EC2 is not enough: Donor Bureau's need for a data science platform
Donor Bureau (DB) uses large data sets and machine learning algorithms to help clients maximize return on investment for their fundraising mailings.
DB found that it was spending too much valuable analyst time maintaining its EC2-based compute infrastructure (e.g., maintaining configurations).
DB “outsourced” these needs to Domino; its analysts now use Domino as a platform to conduct their analytical modeling for clients instead of using EC2 directly.
On net, DB estimates that Domino has saved its analysts a full day each week — time that was previously spent maintaining infrastructure can now go to billable client work.
Donor Bureau (DB) helps hundreds of non-profits and political campaigns optimize their direct mail campaigns, maximizing return for each letter sent. DB's data scientists employ a variety of machine learning techniques to develop and train targeting models against a data warehouse of over a billion transactions and tens of millions of donors.
To meet their heavy demand for computational resources, DB used Amazon's EC2 infrastructure — but managing EC2 machines for a production data science workflow wasn't simple or easy. DB had to grapple with EC2 setup and configuration and software installation; and then develop their own tools and techniques for transferring data to their machines, transferring results back, spinning machines up and down, maintaining configurations, and keeping snapshots of their work. In other words, they had to build a data science workflow on top of EC2.

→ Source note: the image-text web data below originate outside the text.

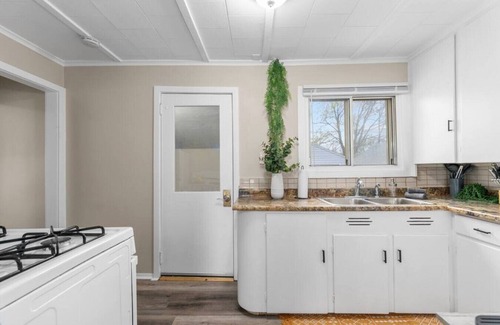 Oshkosh House | Evans St Oshkosh · NEW! Sleeps 6 - Near Downtown & University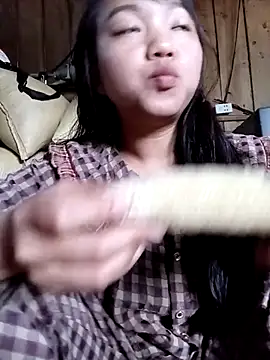 Quynhsumon online show from April 19, 8:02 am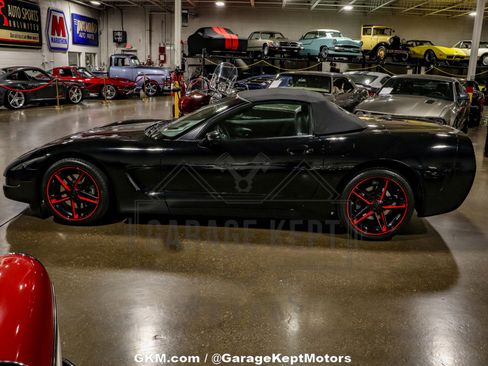 Used 2002 Chevrolet Corvette Convertible w/ Preferred Equipment Group2 image 11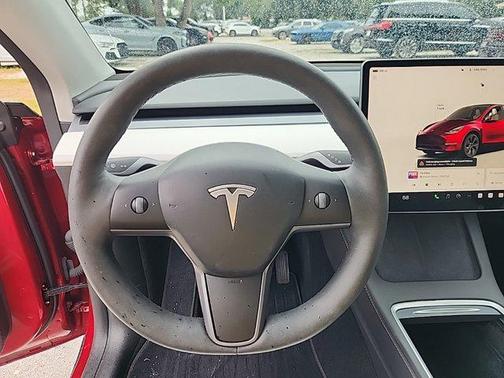 2024 Tesla Model Y Long Range Dual Motor All-Wheel Drive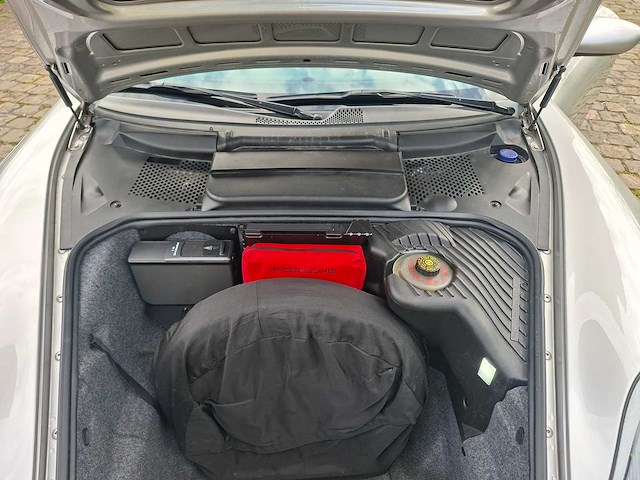 Porsche 911 996 carrera - afbeelding 27 van  43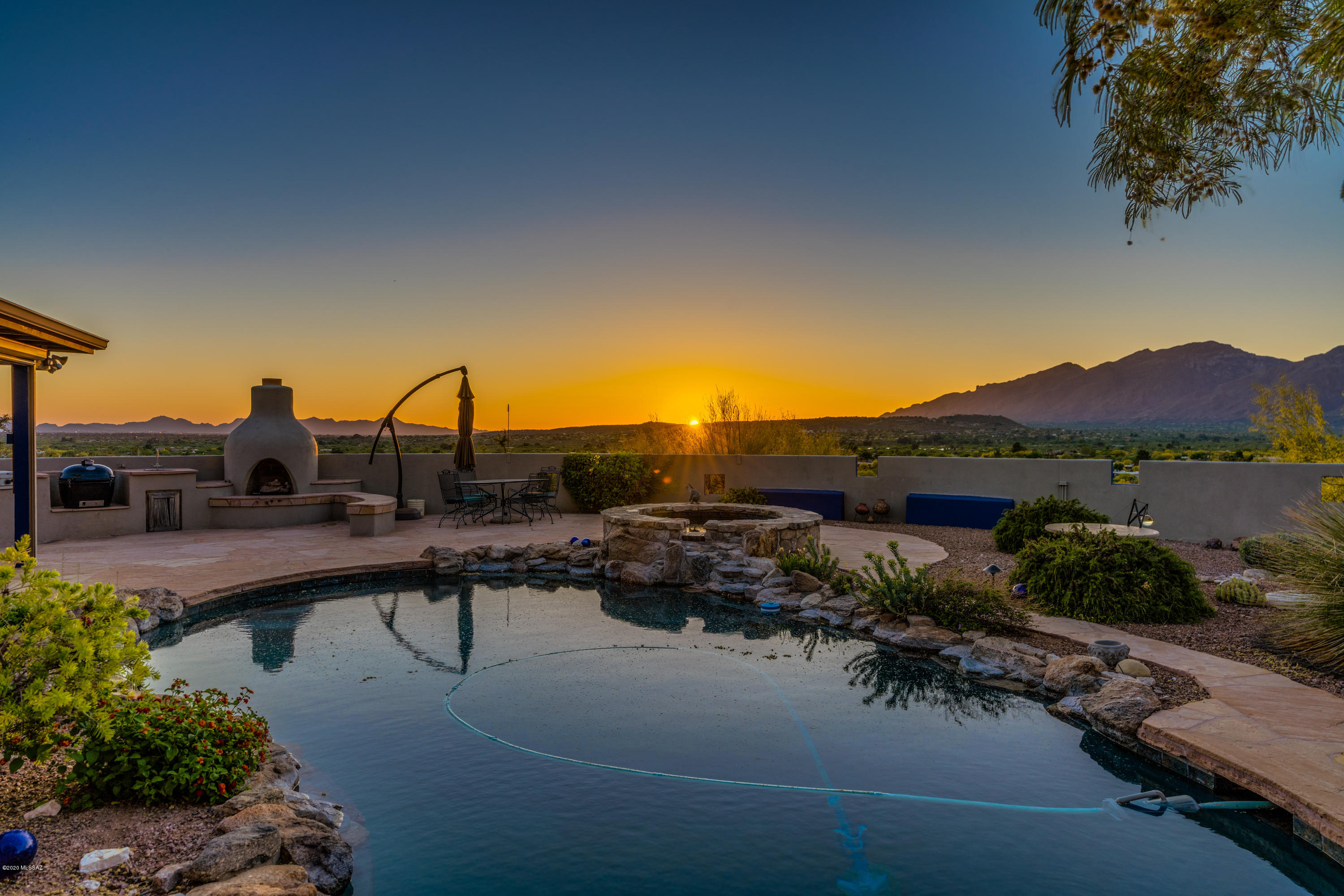 9511 E Bush Hill Place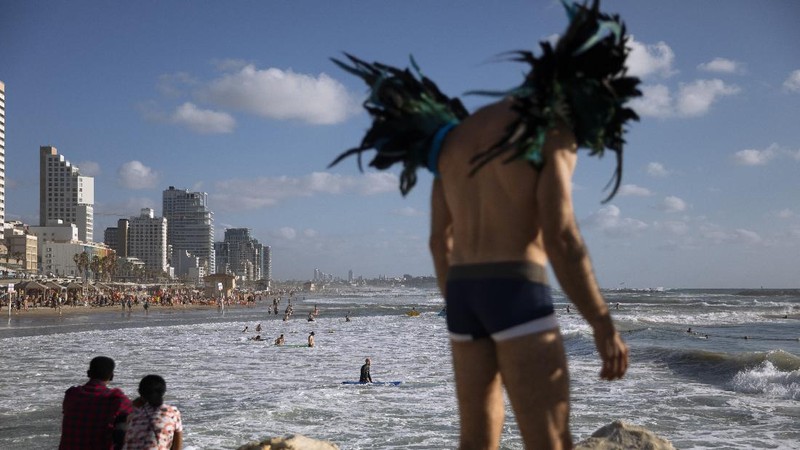 People enjoy the beach front in Tel Aviv, Israel, Saturday, May 22, 2021. A cease-fire took effect early Friday after 11 days of heavy fighting between Israel and Gaza's militant Hamas rulers that was ignited by protests and clashes in Jerusalem. (AP Photo/Oded Balilty)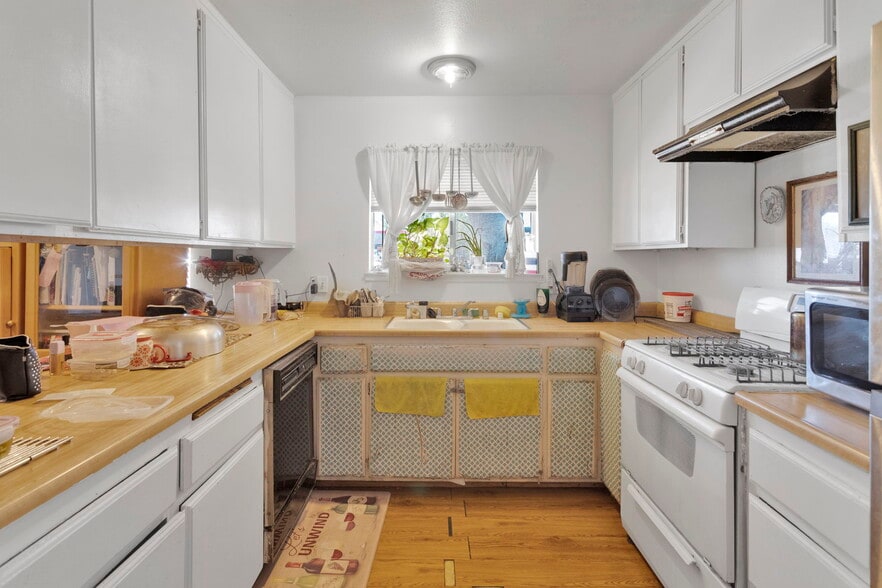 More Photos Of 14720 Main St, Hesperia Office For Sale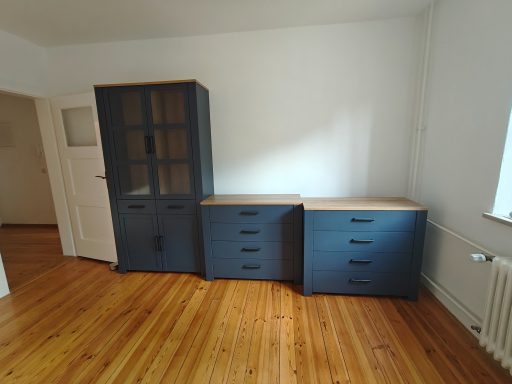 Möbelaufbau mit drei Monteuren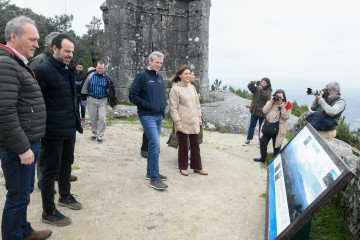 El presidente de la Xunta, Alfonso Rueda, y la conselleira de Medio Ambiente e Cambio Climático, Ángeles Vázquez, visitan el Monte Aloia.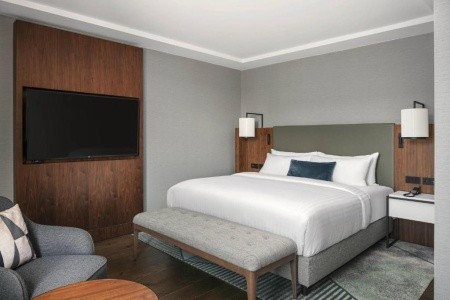 Česká republika Praha a okolie Marriott Hotel Prague 2 dňový pobyt Raňajky Vlastná November 2026 (10/11/26-11/11/26)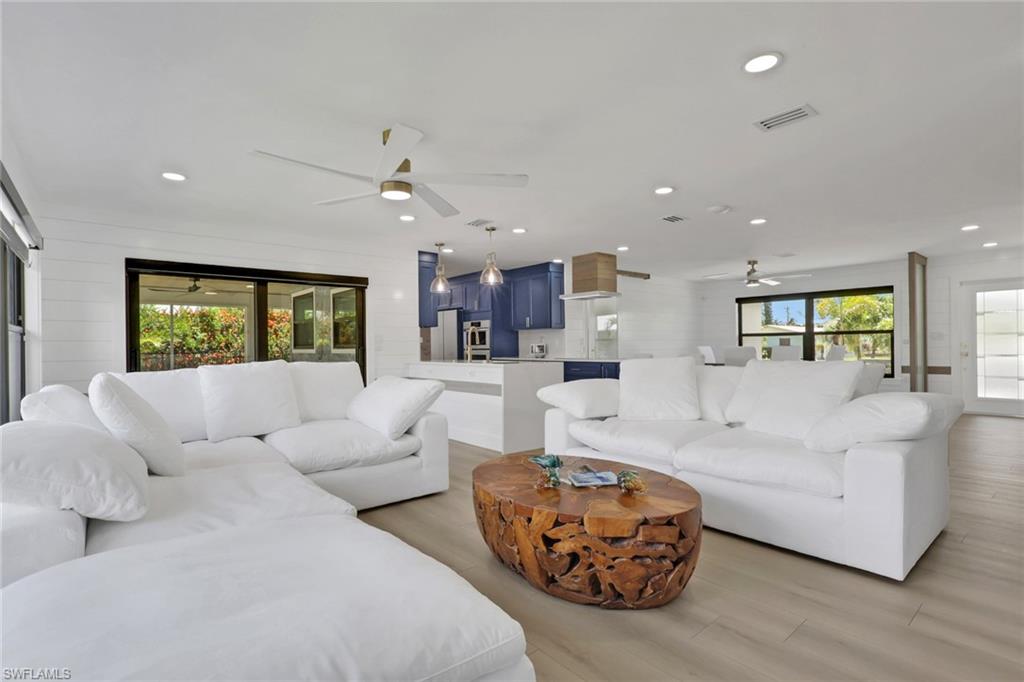 KNIGHTS BOKEELIA ISLE - Residential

The original infrastructure setup took a month, and in recent months DB found that its analysts were spending more and more time maintaining and improving this infrastructure. This work included dealing with configuration issues on EC2, adjusting for changes that Amazon introduced to their infrastructure, figuring out better workflows around data, and maintaining integration into a version control system.
It was a time-consuming headache, so DB's Head of Technology, Brian Johnson, went in search of a better solution.
“We're no longer maintaining all the infrastructure required for our people to use EC2 — we've outsourced that to Domino. And in total cost of ownership terms we're much better off.”Brian Johnson, Head of Technology
In May, DB moved to Domino as its data science platform, rather than continuing to use EC2 plus its custom infrastructure. Data scientists continue to use their favorite IDEs for Python and R. But now they use Domino to kick-off model runs and store and share results. And Domino handles all the behind the scenes issues with EC2 — from spinning up and down machines to billing.
Johnson describes the transition as “painless.”
Now DB is free from maintaining its infrastructure — Domino handles all the plumbing, so DB can focus on its analysis.
Domino increases DB's productivity in two ways. First, it lets DB run its models on arbitrary cloud hardware with one click, completely abstracting them from the details of managing cloud machines. And second, Domino automatically keeps a revisioned history of DB's work, including code, data, and results, so its analysts can always reproduce past work, and never lose results.
Most importantly, Johnson estimates that he's gotten back about a day a week of analyst time. In other words, they are 20% more productive now that they are free of the burden of infrastructure maintenance.
In total cost of ownership terms, Johnson considers this a no-brainer. His overall bill for infrastructure is about the same, but his team is much more productive.
And DB's analysts get a user-friendly, ever improving data science platform for their use as well.